Collected data entries:
[Start of section]

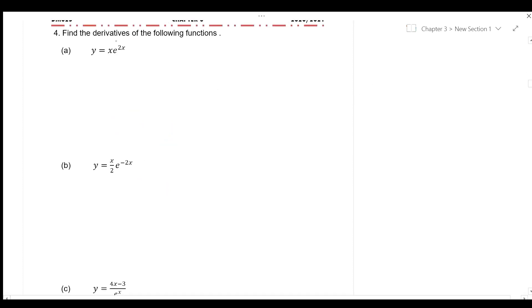Question 4. Find the derivatives of the following functions. For a, given that y is equal to x times e to the power of 2x,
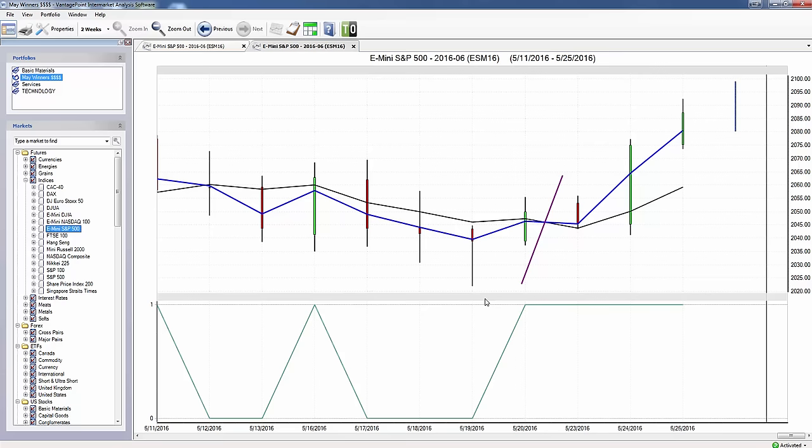A couple things to point out here: number one, the blue line crossed above the black line, indicating that this trend was going to go up. A confirmation to that is our proprietary patented Neural Index indicator, which was at a one. This went to a one on the 20th of May.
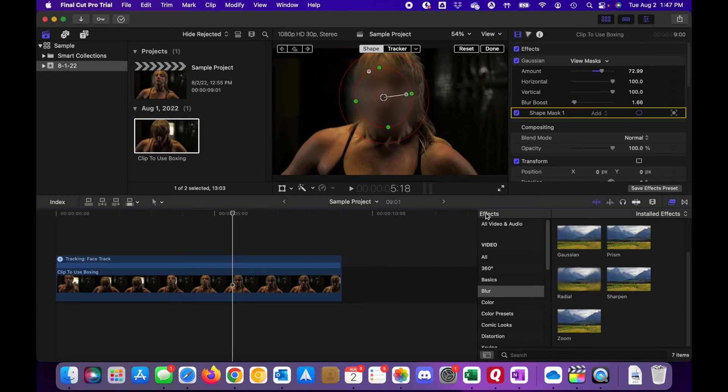So that is a very simplistic way of blurring an object in Final Cut Pro. Hopefully you found it helpful and we'll see you guys in the next video.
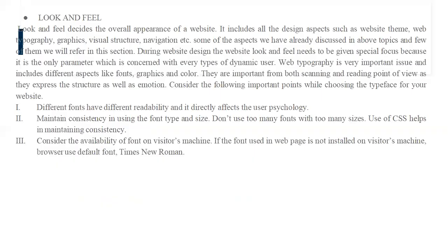The look and feel of the website is very important because your website's overall look and feel conveys an attitude to your client before they even start reading the content of your website.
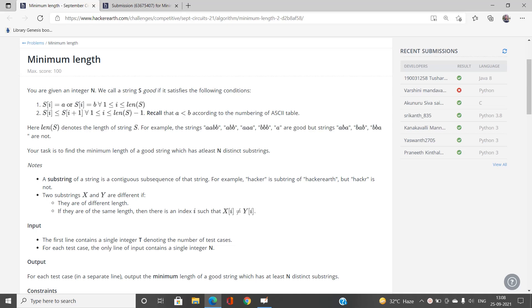We have been given an integer N, and we call a string a 'good string' if it satisfies the following conditions: the characters involved are either 'a' or 'b', and s[i] is less than or equal to s[i+1]. We need to find the minimum length L of a good string which has at least N distinct substrings. Note: capital N is the target number of distinct substrings, not the length of the string.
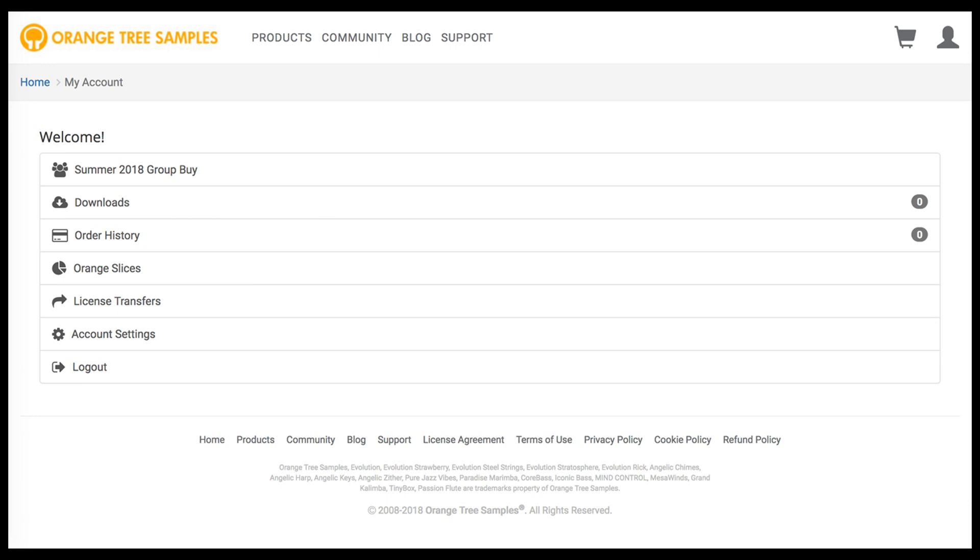A Group Buy? What's that, you ask? Well, the way it works is actually pretty simple.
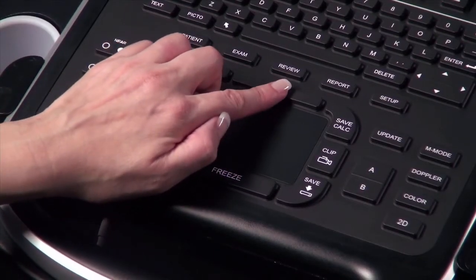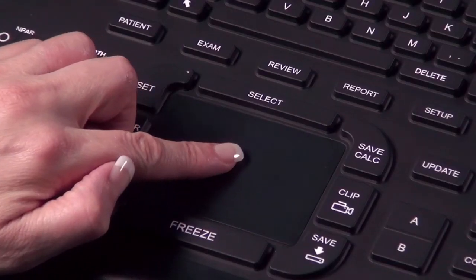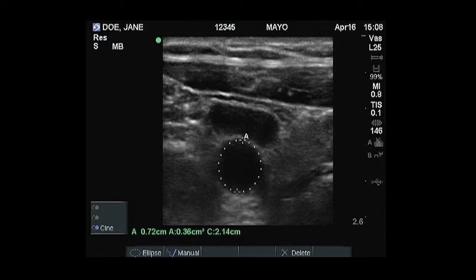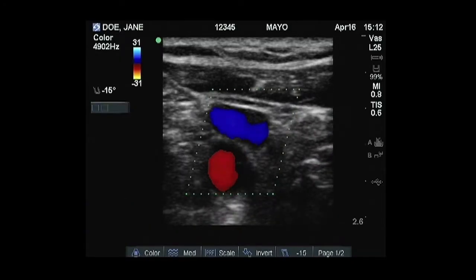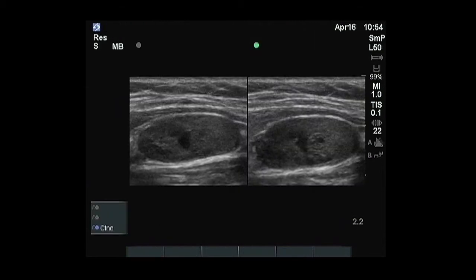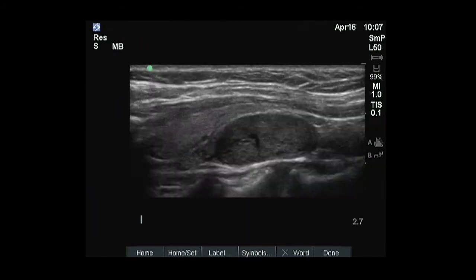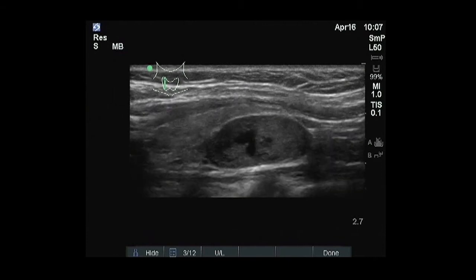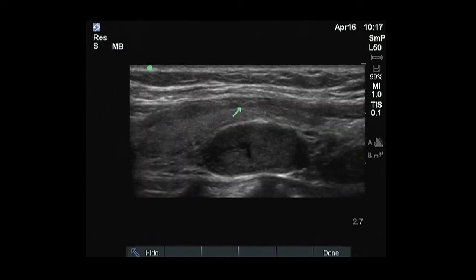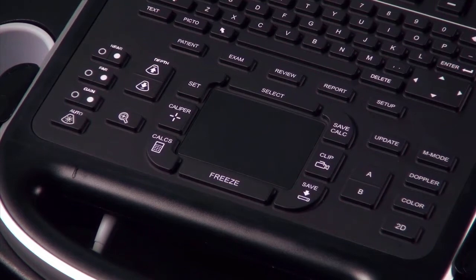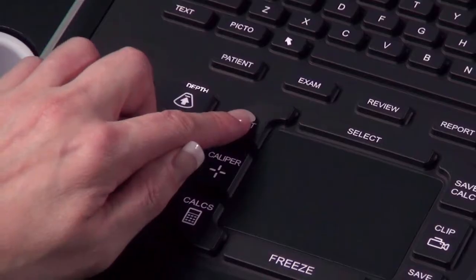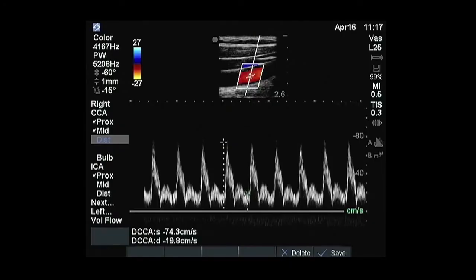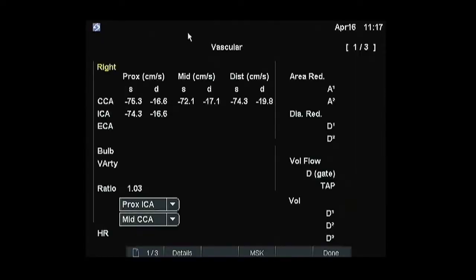The select key is used to make various choices depending upon the function that is activated. It is used to switch between calipers for measurement, selections on color and Doppler menus, frozen images in duplex and dual screens, pictograph marker position, and arrow position or orientation. There are two functions on either side of the trackpad: set and save calc. The set key confirms caliper location for measurements. The save calc key transfers the measurement to the patient report.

[End of section]

[EXERCISE]:
These entries are to be printed again word for word, except for the pictures.

[TASK OUTPUT]:
Question 4. Find the derivatives of the following functions. For a, given that y is equal to x times e to the power of 2x,
A couple things to point out here: number one, the blue line crossed above the black line, indicating that this trend was going to go up. A confirmation to that is our proprietary patented Neural Index indicator, which was at a one. This went to a one on the 20th of May.
So that is a very simplistic way of blurring an object in Final Cut Pro. Hopefully you found it helpful and we'll see you guys in the next video.
The look and feel of the website is very important because your website's overall look and feel conveys an attitude to your client before they even start reading the content of your website.
We have been given an integer N, and we call a string a 'good string' if it satisfies the following conditions: the characters involved are either 'a' or 'b', and s[i] is less than or equal to s[i+1]. We need to find the minimum length L of a good string which has at least N distinct substrings. Note: capital N is the target number of distinct substrings, not the length of the string.
A Group Buy? What's that, you ask? Well, the way it works is actually pretty simple.
The select key is used to make various choices depending upon the function that is activated. It is used to switch between calipers for measurement, selections on color and Doppler menus, frozen images in duplex and dual screens, pictograph marker position, and arrow position or orientation. There are two functions on either side of the trackpad: set and save calc. The set key confirms caliper location for measurements. The save calc key transfers the measurement to the patient report.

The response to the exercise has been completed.